**** Records for this exercise
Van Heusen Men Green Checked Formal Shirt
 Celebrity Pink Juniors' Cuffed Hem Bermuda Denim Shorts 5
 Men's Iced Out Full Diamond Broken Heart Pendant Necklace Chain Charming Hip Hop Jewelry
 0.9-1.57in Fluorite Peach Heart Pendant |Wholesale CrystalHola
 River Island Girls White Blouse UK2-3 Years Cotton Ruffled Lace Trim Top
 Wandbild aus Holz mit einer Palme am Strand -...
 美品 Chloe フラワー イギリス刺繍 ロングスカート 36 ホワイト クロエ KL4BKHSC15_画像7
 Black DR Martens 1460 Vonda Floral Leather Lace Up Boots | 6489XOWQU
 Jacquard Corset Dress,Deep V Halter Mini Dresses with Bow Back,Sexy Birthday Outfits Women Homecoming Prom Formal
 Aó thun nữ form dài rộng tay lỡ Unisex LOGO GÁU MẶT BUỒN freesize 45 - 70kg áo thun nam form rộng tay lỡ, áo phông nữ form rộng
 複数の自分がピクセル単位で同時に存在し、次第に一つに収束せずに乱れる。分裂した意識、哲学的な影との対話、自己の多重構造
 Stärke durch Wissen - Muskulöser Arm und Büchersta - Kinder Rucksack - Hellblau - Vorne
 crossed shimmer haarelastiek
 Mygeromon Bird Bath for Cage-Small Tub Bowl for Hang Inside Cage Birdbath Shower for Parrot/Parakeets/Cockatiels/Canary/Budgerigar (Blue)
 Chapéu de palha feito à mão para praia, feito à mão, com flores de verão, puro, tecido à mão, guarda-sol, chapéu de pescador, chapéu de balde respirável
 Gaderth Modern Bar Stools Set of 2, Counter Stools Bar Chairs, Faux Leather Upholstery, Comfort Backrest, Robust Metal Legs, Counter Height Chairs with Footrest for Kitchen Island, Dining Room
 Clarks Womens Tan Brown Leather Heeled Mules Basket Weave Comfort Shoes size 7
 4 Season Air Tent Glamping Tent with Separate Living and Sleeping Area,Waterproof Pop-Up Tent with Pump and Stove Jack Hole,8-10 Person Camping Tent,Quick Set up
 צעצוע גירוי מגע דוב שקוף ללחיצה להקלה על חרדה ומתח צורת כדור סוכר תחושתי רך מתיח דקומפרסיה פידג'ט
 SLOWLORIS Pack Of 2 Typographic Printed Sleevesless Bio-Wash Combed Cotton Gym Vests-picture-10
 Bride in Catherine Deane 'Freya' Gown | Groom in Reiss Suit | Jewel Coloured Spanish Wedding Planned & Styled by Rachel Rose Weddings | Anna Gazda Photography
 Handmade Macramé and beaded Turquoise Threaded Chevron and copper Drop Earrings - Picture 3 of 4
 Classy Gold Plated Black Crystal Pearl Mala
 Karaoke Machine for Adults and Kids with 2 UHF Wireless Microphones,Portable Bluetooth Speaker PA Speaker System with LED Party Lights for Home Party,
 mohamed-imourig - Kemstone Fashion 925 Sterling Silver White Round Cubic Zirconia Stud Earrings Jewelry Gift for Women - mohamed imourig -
********
» Work order
Write out all of the records word for word.

» Solution
Van Heusen Men Green Checked Formal Shirt
 Celebrity Pink Juniors' Cuffed Hem Bermuda Denim Shorts 5
 Men's Iced Out Full Diamond Broken Heart Pendant Necklace Chain Charming Hip Hop Jewelry
 0.9-1.57in Fluorite Peach Heart Pendant |Wholesale CrystalHola
 River Island Girls White Blouse UK2-3 Years Cotton Ruffled Lace Trim Top
 Wandbild aus Holz mit einer Palme am Strand -...
 美品 Chloe フラワー イギリス刺繍 ロングスカート 36 ホワイト クロエ KL4BKHSC15_画像7
 Black DR Martens 1460 Vonda Floral Leather Lace Up Boots | 6489XOWQU
 Jacquard Corset Dress,Deep V Halter Mini Dresses with Bow Back,Sexy Birthday Outfits Women Homecoming Prom Formal
 Aó thun nữ form dài rộng tay lỡ Unisex LOGO GÁU MẶT BUỒN freesize 45 - 70kg áo thun nam form rộng tay lỡ, áo phông nữ form rộng
 複数の自分がピクセル単位で同時に存在し、次第に一つに収束せずに乱れる。分裂した意識、哲学的な影との対話、自己の多重構造
 Stärke durch Wissen - Muskulöser Arm und Büchersta - Kinder Rucksack - Hellblau - Vorne
 crossed shimmer haarelastiek
 Mygeromon Bird Bath for Cage-Small Tub Bowl for Hang Inside Cage Birdbath Shower for Parrot/Parakeets/Cockatiels/Canary/Budgerigar (Blue)
 Chapéu de palha feito à mão para praia, feito à mão, com flores de verão, puro, tecido à mão, guarda-sol, chapéu de pescador, chapéu de balde respirável
 Gaderth Modern Bar Stools Set of 2, Counter Stools Bar Chairs, Faux Leather Upholstery, Comfort Backrest, Robust Metal Legs, Counter Height Chairs with Footrest for Kitchen Island, Dining Room
 Clarks Womens Tan Brown Leather Heeled Mules Basket Weave Comfort Shoes size 7
 4 Season Air Tent Glamping Tent with Separate Living and Sleeping Area,Waterproof Pop-Up Tent with Pump and Stove Jack Hole,8-10 Person Camping Tent,Quick Set up
 צעצוע גירוי מגע דוב שקוף ללחיצה להקלה על חרדה ומתח צורת כדור סוכר תחושתי רך מתיח דקומפרסיה פידג'ט
 SLOWLORIS Pack Of 2 Typographic Printed Sleevesless Bio-Wash Combed Cotton Gym Vests-picture-10
 Bride in Catherine Deane 'Freya' Gown | Groom in Reiss Suit | Jewel Coloured Spanish Wedding Planned & Styled by Rachel Rose Weddings | Anna Gazda Photography
 Handmade Macramé and beaded Turquoise Threaded Chevron and copper Drop Earrings - Picture 3 of 4
 Classy Gold Plated Black Crystal Pearl Mala
 Karaoke Machine for Adults and Kids with 2 UHF Wireless Microphones,Portable Bluetooth Speaker PA Speaker System with LED Party Lights for Home Party,
 mohamed-imourig - Kemstone Fashion 925 Sterling Silver White Round Cubic Zirconia Stud Earrings Jewelry Gift for Women - mohamed imourig -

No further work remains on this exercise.